Another caution: The sickest patients can deteriorate rapidly, something a hospital in Kirkland, Washington, witnessed.

Of 21 patients who needed critical care at Evergreen Hospital, 17 were moved into the ICU within 24 hours of hospital admission, doctors reported last week in the Journal of the American Medical Association.

Additionally, age isn’t the only risk factor considering the fact that recent data from China shows that regardless of age, 40% of people who required critical care had other chronic health problems such as heart disease and diabetes.

 

Does COVID-19 leave lasting lung damage?

Doctors don’t have an answer to these questions yet because it’s too soon to know about any lasting trouble when the most severely ill pull through. The WHO has said that it can take three to six weeks to recover from a severe case of COVID-19.

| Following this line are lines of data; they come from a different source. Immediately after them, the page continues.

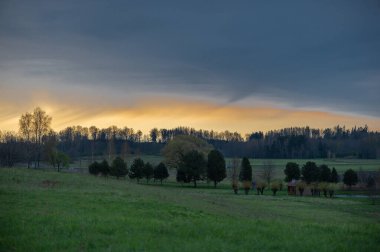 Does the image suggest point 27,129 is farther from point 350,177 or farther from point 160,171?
point 350,177

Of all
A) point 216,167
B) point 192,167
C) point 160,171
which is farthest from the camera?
point 160,171

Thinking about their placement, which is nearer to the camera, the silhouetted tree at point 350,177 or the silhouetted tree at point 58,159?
the silhouetted tree at point 58,159

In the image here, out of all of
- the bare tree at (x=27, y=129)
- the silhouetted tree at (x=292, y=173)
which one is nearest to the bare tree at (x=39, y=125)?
the bare tree at (x=27, y=129)

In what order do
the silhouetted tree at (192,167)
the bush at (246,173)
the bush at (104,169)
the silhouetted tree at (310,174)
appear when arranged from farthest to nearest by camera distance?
the bush at (104,169) → the silhouetted tree at (310,174) → the silhouetted tree at (192,167) → the bush at (246,173)

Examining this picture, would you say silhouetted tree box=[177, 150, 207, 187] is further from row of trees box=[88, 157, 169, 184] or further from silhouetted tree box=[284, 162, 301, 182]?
silhouetted tree box=[284, 162, 301, 182]

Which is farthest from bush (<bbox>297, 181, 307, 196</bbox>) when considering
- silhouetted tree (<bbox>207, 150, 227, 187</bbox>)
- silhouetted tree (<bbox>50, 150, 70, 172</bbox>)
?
silhouetted tree (<bbox>50, 150, 70, 172</bbox>)

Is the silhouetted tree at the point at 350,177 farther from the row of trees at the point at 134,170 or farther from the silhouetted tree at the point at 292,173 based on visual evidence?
the row of trees at the point at 134,170

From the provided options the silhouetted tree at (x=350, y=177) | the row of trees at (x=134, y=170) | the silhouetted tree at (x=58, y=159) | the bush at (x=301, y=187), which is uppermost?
the silhouetted tree at (x=58, y=159)

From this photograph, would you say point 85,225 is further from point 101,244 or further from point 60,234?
point 101,244

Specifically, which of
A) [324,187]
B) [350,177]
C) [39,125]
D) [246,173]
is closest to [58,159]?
[39,125]

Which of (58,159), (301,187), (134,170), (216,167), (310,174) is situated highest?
(58,159)

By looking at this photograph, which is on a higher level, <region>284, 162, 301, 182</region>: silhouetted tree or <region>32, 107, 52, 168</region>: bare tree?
<region>32, 107, 52, 168</region>: bare tree

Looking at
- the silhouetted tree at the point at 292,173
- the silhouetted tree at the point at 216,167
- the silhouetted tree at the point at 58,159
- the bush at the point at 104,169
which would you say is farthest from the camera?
the bush at the point at 104,169

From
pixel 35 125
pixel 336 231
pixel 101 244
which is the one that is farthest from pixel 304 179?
pixel 101 244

Moreover, it can take months to get back to normal activity after severe pneumonia, especially if the person had preexisting health problems, too. Recovery mostly depends on how long a patient was breathing with the help of a machine.

“If you’re on a ventilator for four weeks in deep sleep in an intensive care unit, it takes six months to a year to rehabilitate,” Dr. Diederik Gommers of the Netherlands Association for Intensive Care told Dutch lawmakers. “It is very debilitating if you are in intensive care for so long.”